DD:THE INTERNET IN HAND
The Cellphone's Potential as a Search Tool Gets Tapped
By LISA GUERNSEY
May 4, 2005
FEW months ago, a group of friends in Austin, Tex., were dining out when the talk turned to the N.C.A.A. basketball tournament. Someone asked, When does the first round start? No one knew.
So Mohit Goyal, a business analyst with a software company, opened his phone and typed in a few keywords. Mr. Goyal found the answer in seconds, and the group made plans to get together for the first-round game. "I love the fact that no matter where I am, I can get this information," he said.
Mr. Goyal is an early adopter of technology, and his experience is most likely to sound too good to be true to most cellular users. But he was not using an extraordinarily high-tech phone. He was simply adept at using the features on his Nokia 6820.
Search engines like Google and Yahoo are betting that most consumers will catch on to what Mr. Goyal has already figured out - that mobile phones can search the Web when a computer is not nearby.
In the last six months, the potential of mobile search has been promoted in a flurry of news releases. Yahoo announced local and image search services intended for phone screens.
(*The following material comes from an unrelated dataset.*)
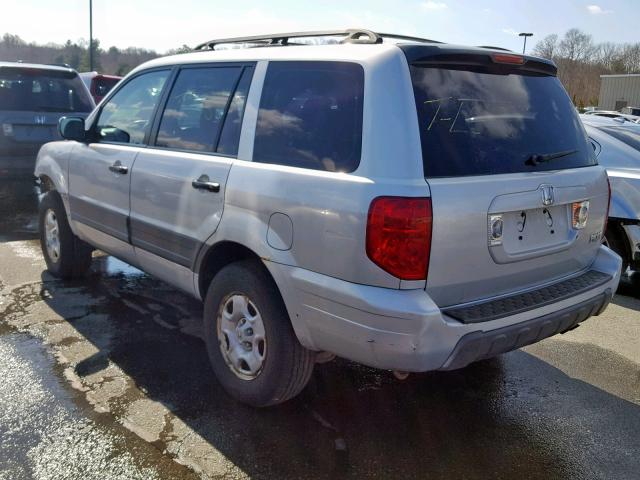 2HKYF18103H620133 - 2003 HONDA PILOT LX SILVER photo 3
Google, which has been offering a mobile Internet search service for several years, now takes questions via another channel of communication, the short-message system SMS. Fast Search and Transfer, a search company that powers enterprises like Lexis-Nexis and IBM.com, created a service called FAST mSearch for use by cellphone carriers and content providers.
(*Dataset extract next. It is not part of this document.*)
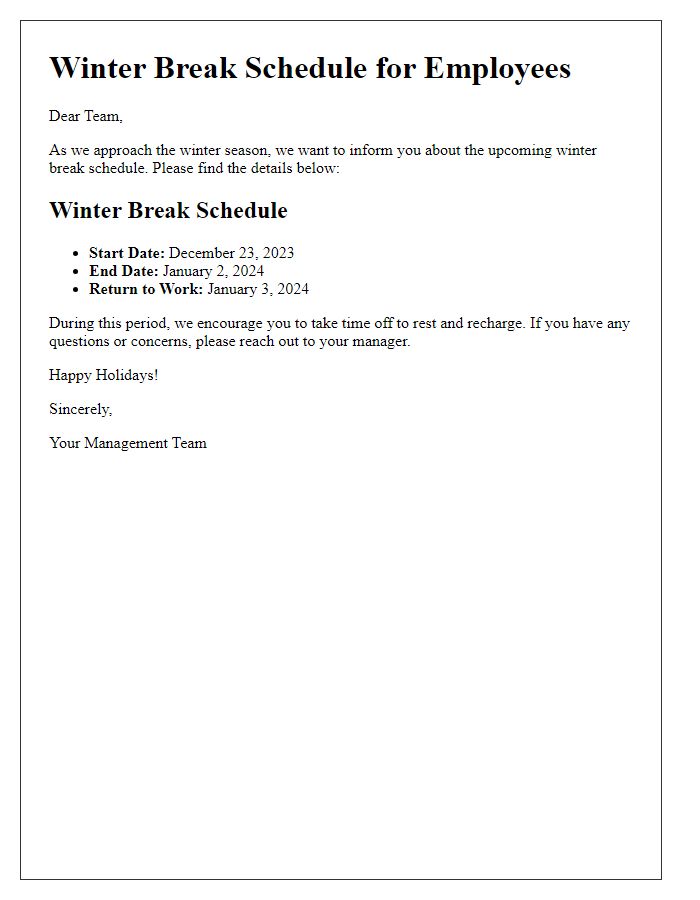 Letter template of winter break schedule for employees.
Still, searching the Web on a phone is frustrating for most users. Screens are tiny. Waiting for a page to appear can take 10 seconds or more. And when signals fade, the lag times can be unbearable.
"The experience is much like text browsing in the early days of the Internet," said Allen Tsai, founder of Mobiledia.com, a site for comparison shopping of cellphones.
Only 1 to 2 percent of Web-enabled phones are used for anything more than voice calls and text messaging, said Paul Budde, founder of BuddeComm, an Australian researcher of telecommunications issues.
But just as the Internet went mainstream as broadband became more widely available, the mobile Internet will become popular as bandwidth increases, search-engine companies say. With those improvements, they add, payment plans will need to provide incentives for searching.
"If you are charged 10 cents a minute, you're not going to care to find the answer to a 'Seinfeld' episode you are talking about at dinner," said Chris Winfield, president and co-founder of 10e20, a search-engine marketing firm. "But if it's free and fast, you're going to use it."
Mobile operators are already creating faster networks, motivated by the prospect of customers downloading movies and music. Hardware and software makers are tweaking their products to speed delivery.
Technology that recodes Web pages for display on a cellphone is also advancing. "Most Web pages are not written for cellphones; they are written for a computer screen," said Georges Harik, a director of mobile search at Google. "This is a chicken and egg problem that is going to go away," he added, as soon as Web developers realize "there are 1.2 billion phones out there that can connect to information."
But "when you go out to dinner with friends, do you take your laptop with you?" asks Susan Aldrich, a senior vice president with the Patricia Seybold Group, a consulting and research company. Searching with a phone may be "in the early stages," she said, "but I think it is going to explode."
Your Phone Can Do It
No matter what kind of phone you have - short of those made more than five years ago - you can search the Web. Here's how:
Just a Plain Phone? Here's a Solution Almost all cellphones made in the last few years can exchange short text messages via SMS. By using that messaging system, you can ask search engines to deliver bits of information to your phone.
Google's SMS search service, for example, enables anyone to send a query to its search engine. Want to know the weather in Atlanta? Go to the SMS feature on your phone and use your number keypad to tap in the words "weather Atlanta." Send the message to phone number 46645, or GOOGL on most phones. Within seconds, a three-day forecast appears.
Other providers of SMS search include Synfonic (650-430-7183), 4Info Mobile Search (4-INFO) and Smarter.com (610-SMARTER), which uses a product name or part number to search for its lowest available price online. Just be aware that your carrier may charge a few cents for each message you send unless you have signed up for a monthly flat fee for messaging.
Phones bought in the last year or so Many of these phones already come with small browsers that can show you limited sections on the Internet. Yahoo, for example, translates all pages from its local-search database, including full-color maps and user reviews, for display on phones.
Google has multiple mobile-search services, including Froogle, which helps you comparison shop. Answers.com (go to mobile.answers.com on your phone) delivers word definitions and information on famous people and places.
Or do you have a smart phone? Smart-phone users are the early adopters who pay hundreds of dollars for hand-held devices with color screens and heaps of features, like cameras and e-mail access. Think the Treo, the Web-browsable Blackberry, the Sidekick and others.
If you have one of these phones, you can search the entire Web from your phone by clicking to the Web. Many smart phones are preset with search engines. But most Web pages were not designed for viewing on a phone, so they may be hard to decipher.